Endgame, the latest album from politically charged Chicago punks Rise Against, is full of big hooks, social consciousness, and rousing calls to action. So it's a lot like their other records. Only this time they sound more like a hard-rock band than a punk one. But Tim McIlrath's sweeping vocals still carry messages of change, despair, and growing up without giving in. After a dozen years, Rise Against's evolution and progress — like fellow punks Against Me!, who share their bigger and more mainstream aspirations — has given way to an album that takes the next step without sacrificing too much of the sound that attracted such a loyal following in the first place. Either way, they're a great live band that still plays like raging punks onstage. — Steve DiMatteo
With Bad Religion. 7 p.m. Saturday, May 7. Jacobs Pavilion at Nautica. Tickets: $29.50; call 800-745-3000 or go to livenation.com.Blue October
These Houston alt-rockers released their debut album in 1998, but nobody paid attention to them until five years ago, when their mopey hit "Hate Me" assaulted radio like an awkward goth unleashing vengeance on a classroom full of jocks. The success of the band's platinum album Foiled thrust frontman Justin Furstenfeld into the limelight as a poster boy for eyeliner-sporting dudes everywhere. But duplicating the success of their stadium-sized sing-along has proven quite difficult, resulting in a few moderate chart flirtations and a general drop off the musical map. So now Blue October are taking a new step to stay relevant by stripping things down and playing intimate acoustic gigs featuring their old songs, which double as prep work for an upcoming unplugged live album. — Ryan Reed
8 p.m. Tuesday, May 10. House of Blues. Tickets: $30 and $40; call 216-523-2583 or visit houseofblues.com.
The third album from Atlanta indie rockers Manchester Orchestra is big, beautiful, and ambitious. It's a coming-of-age concept record that gets into the mind of a confused but motivated young man in his twenties. And it's going to make these guys stars. Trust us. The album, Simple Math, comes out next week, and it sounds like a jolt of purpose hit the band since its last effort two years ago.

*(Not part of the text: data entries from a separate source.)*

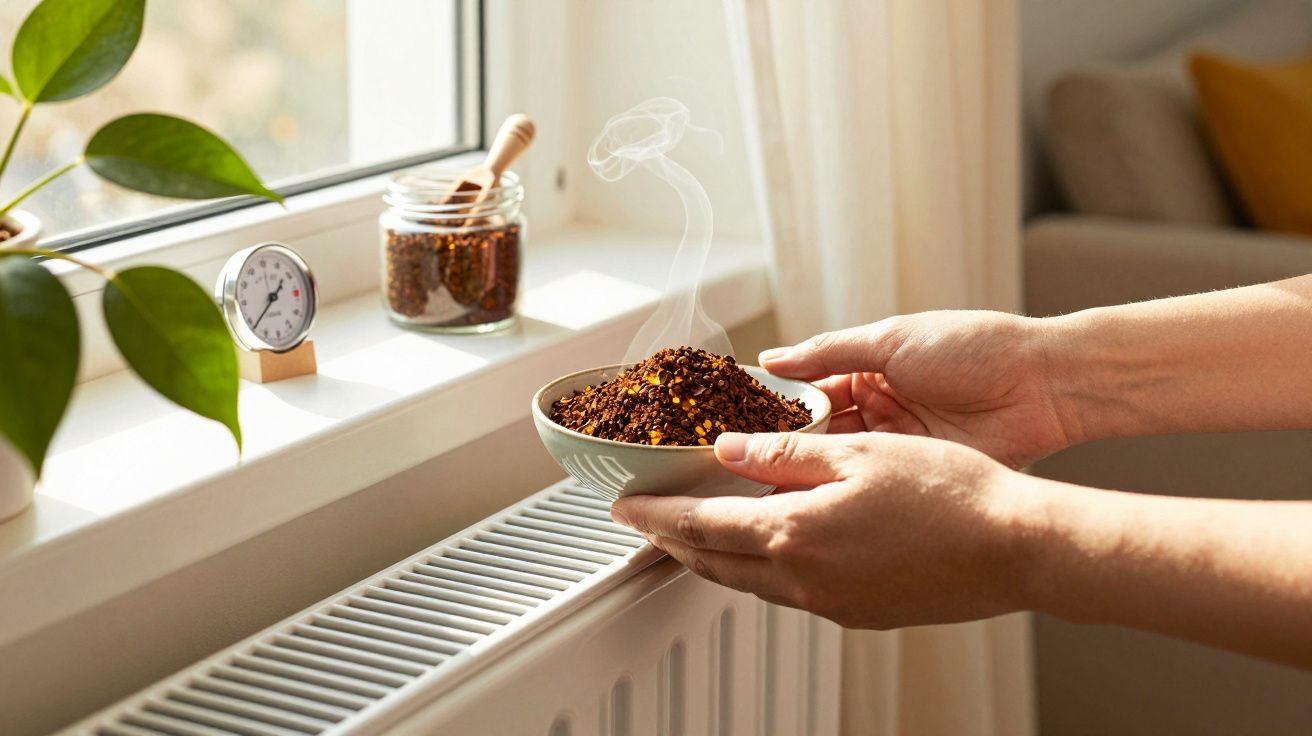 Mãos seguram uma taça de especiarias fumegantes perto de uma janela com planta e termómetro em cima do aquecedor.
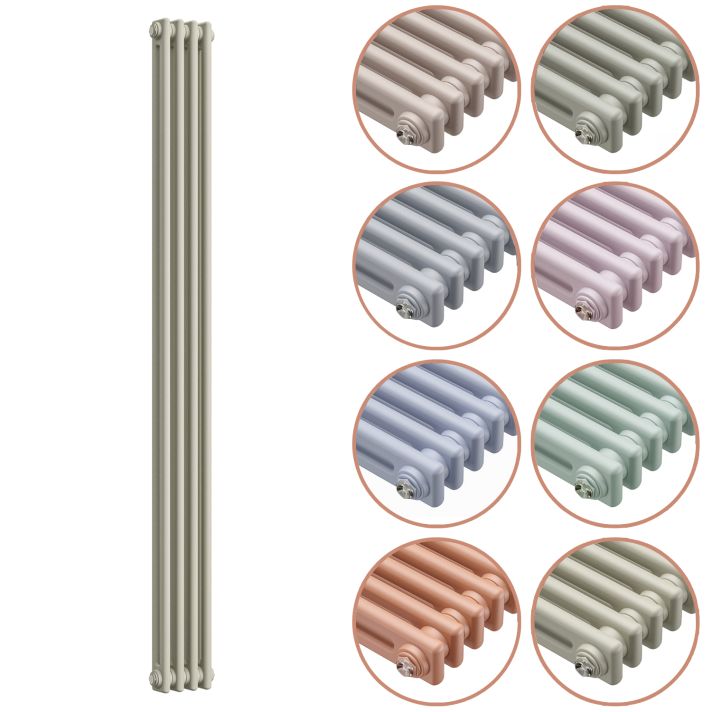1500 x 203mm 'Pick A Pastel' Vertical Traditional 2 Column Radiator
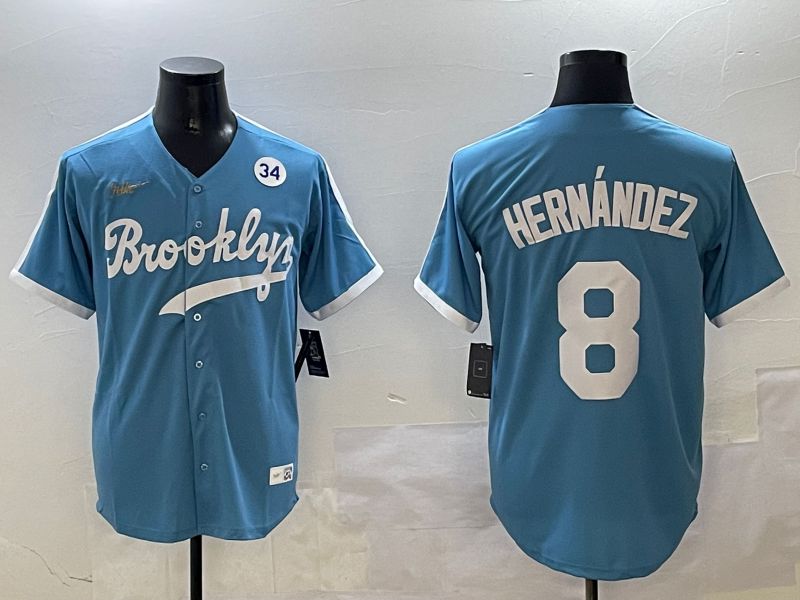 Men Los Angeles Dodgers 8 Hernandez Light Blue Throwback Game 2025 Nike MLB Jersey style 3063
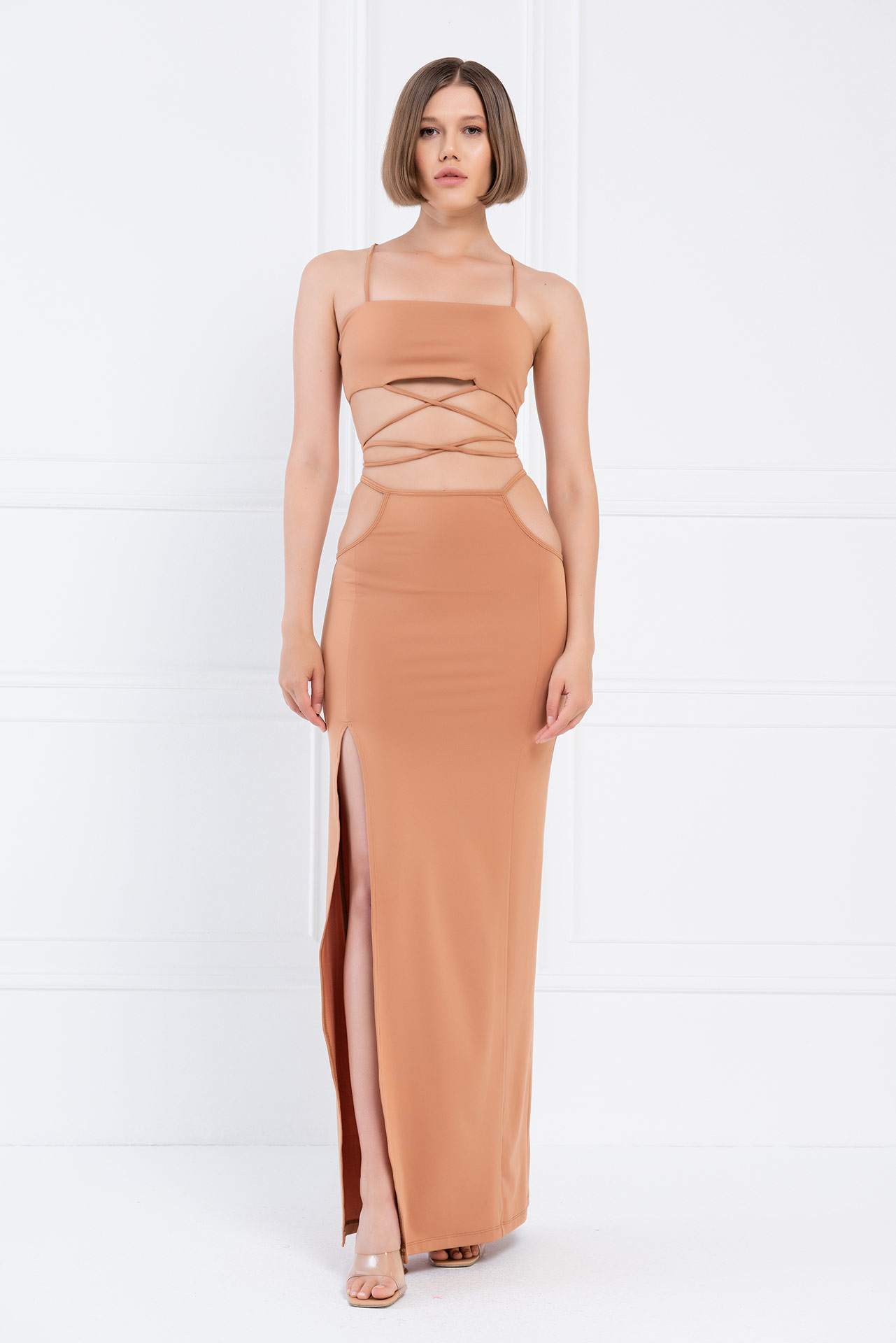 Wholesale Mocha Strap-Design Crop Cami & Skirt Set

At the center of it all is frontman Andy Hull, who leads Manchester Orchestra through 10 songs about hope, hopelessness, love, sex ... you get the idea. Simple Math is more or less his story. The title tune is the epic centerpiece of the album, a gorgeous ballad that builds over five minutes until an avalanche of swirling strings and rolling drums falls down around Hull. Can't wait to hear this one live. — Gallucci
With An Horse and Harrison Hudson. 8 p.m. Friday, May 6. Beachland Ballroom. Tickets: $19, $16 in advance; call 216-383-1124 or go to beachlandballroom.com.